:: Records ::
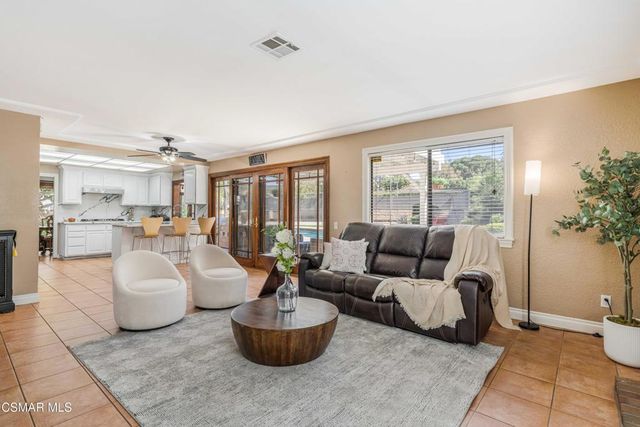 652 Stonebrook Street, Simi Valley, CA 93065
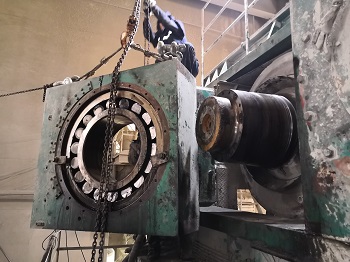 18小时现场快速修复辊压机轴头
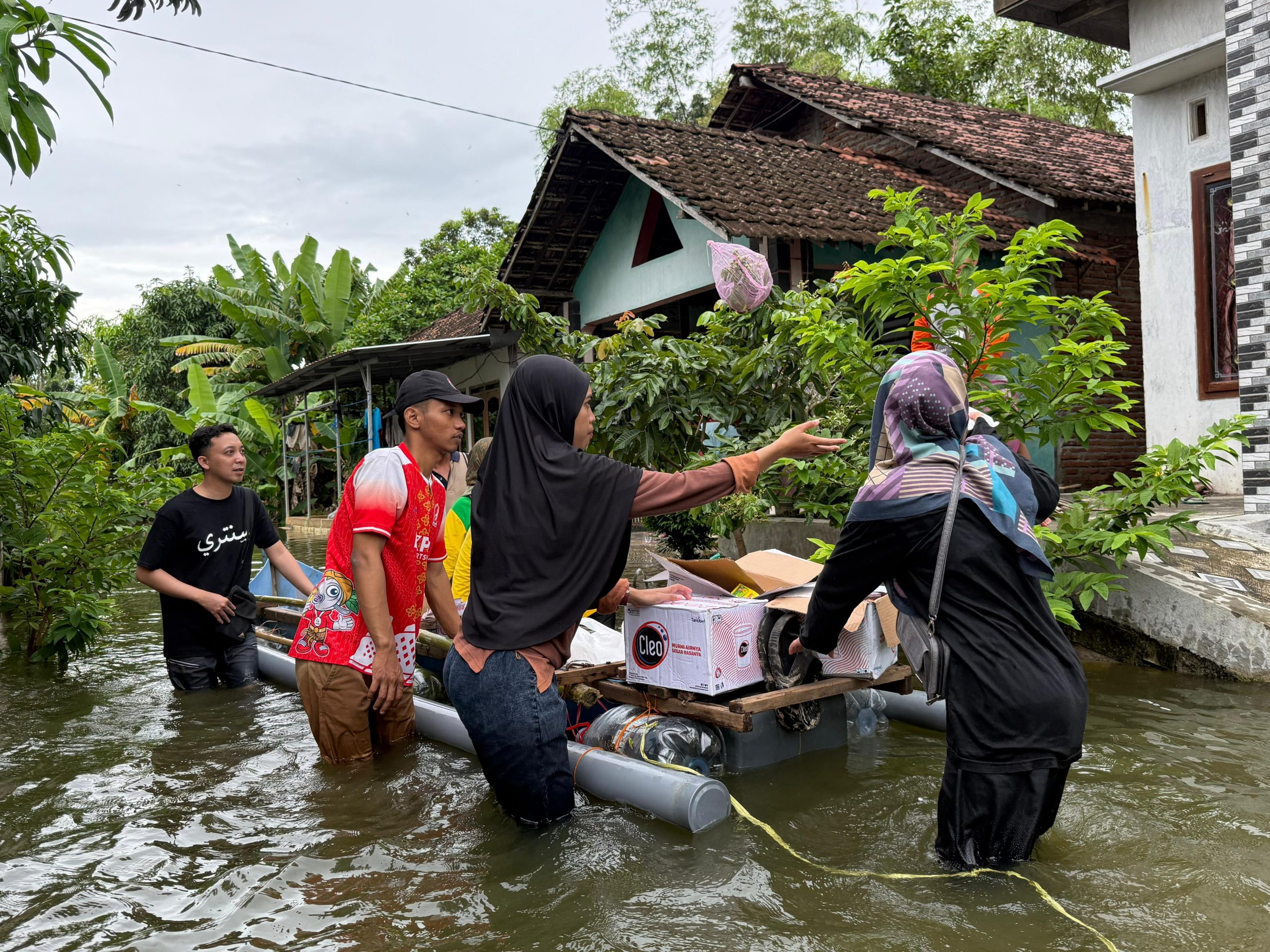 LTNNU Pati Bagikan Ratusan Nasi Kotak Sekaligus Kampanyekan Bahaya Hoaks di Tengah Bencana Banjir 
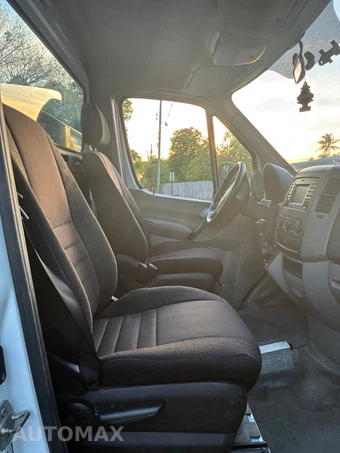 2017 Mercedes-Benz Sprinter 3500XD Cab Chassis DRW 144.3" WB - miniatura 9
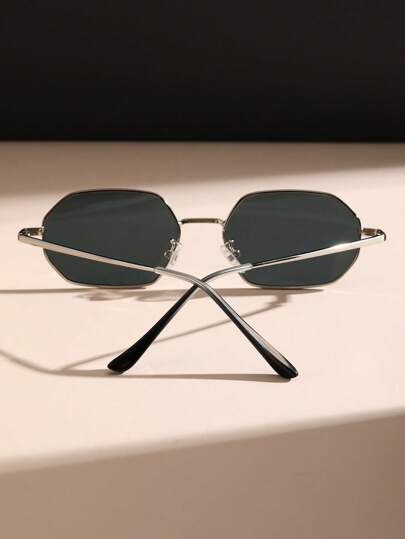 زوج من النظارات الشمسية ذات الإطار المعدني الهندسي الأسود، مناسبة للحياة اليومية والعودة إلى المدرسة والعطلات والشاطئ والسفر، إكسسوار مثالي للعطلات الصيفية على الشاطئ والأنشطة الخارجية والسفر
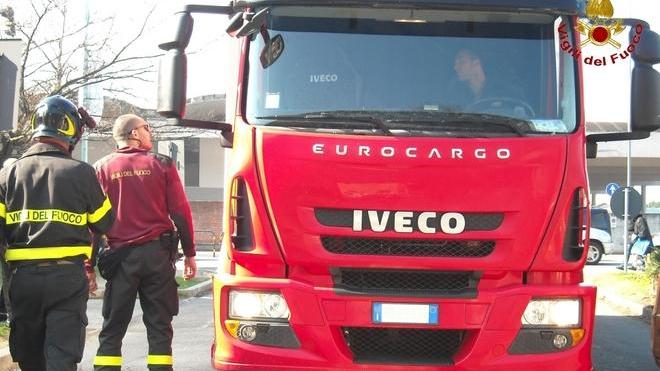 Camion blocca l’ingresso dell’ospedale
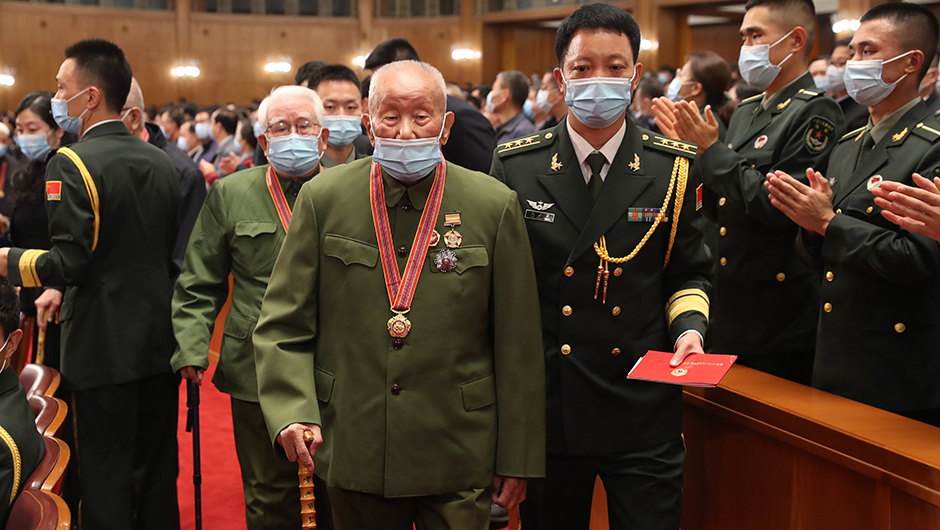 志愿軍老戰(zhàn)士、老同志入場(chǎng)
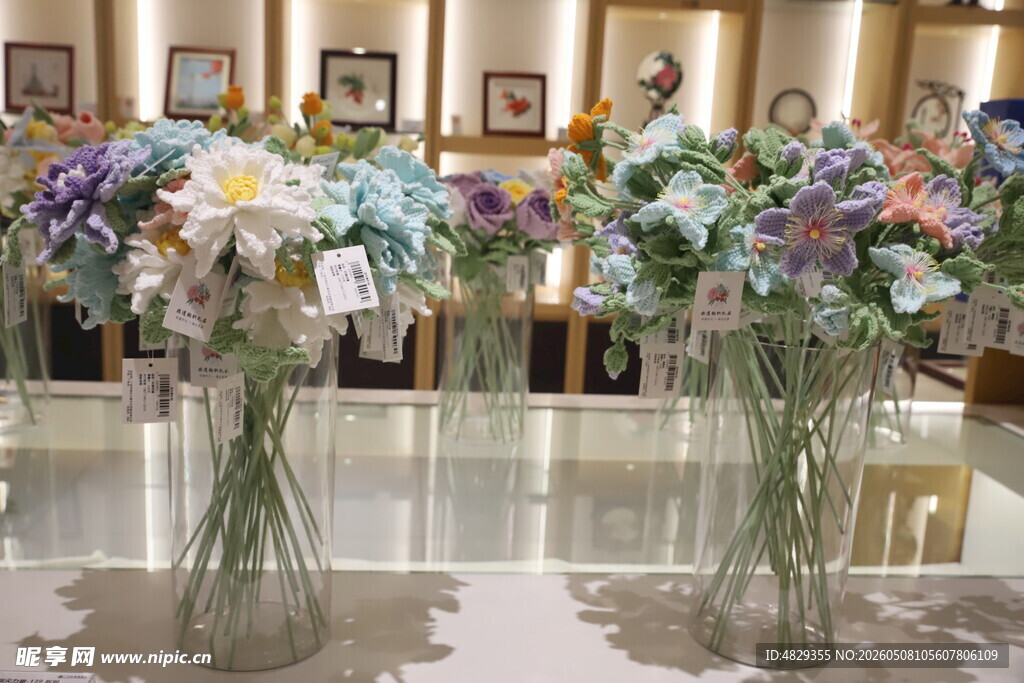 店内精美花瓶插花展示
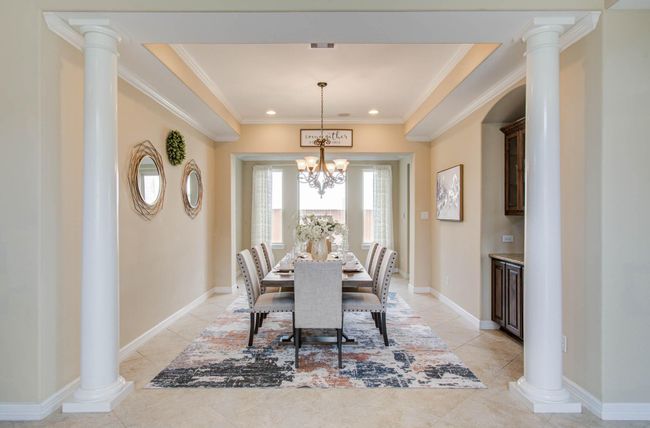 5719 Avon Landing Ln, House other with 5 bedrooms, 6 bathrooms and 3 parking in Sugar Land TX | Image 9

:: Assignment ::
What's needed is an exact copy of the records above from the line containing "18小时现场快速修复辊压机轴头" down to the line containing "2017 Mercedes-Benz Sprinter", both included, without any pictures.

:: Reply ::
 18小时现场快速修复辊压机轴头
 LTNNU Pati Bagikan Ratusan Nasi Kotak Sekaligus Kampanyekan Bahaya Hoaks di Tengah Bencana Banjir 
 2017 Mercedes-Benz Sprinter 3500XD Cab Chassis DRW 144.3" WB - miniatura 9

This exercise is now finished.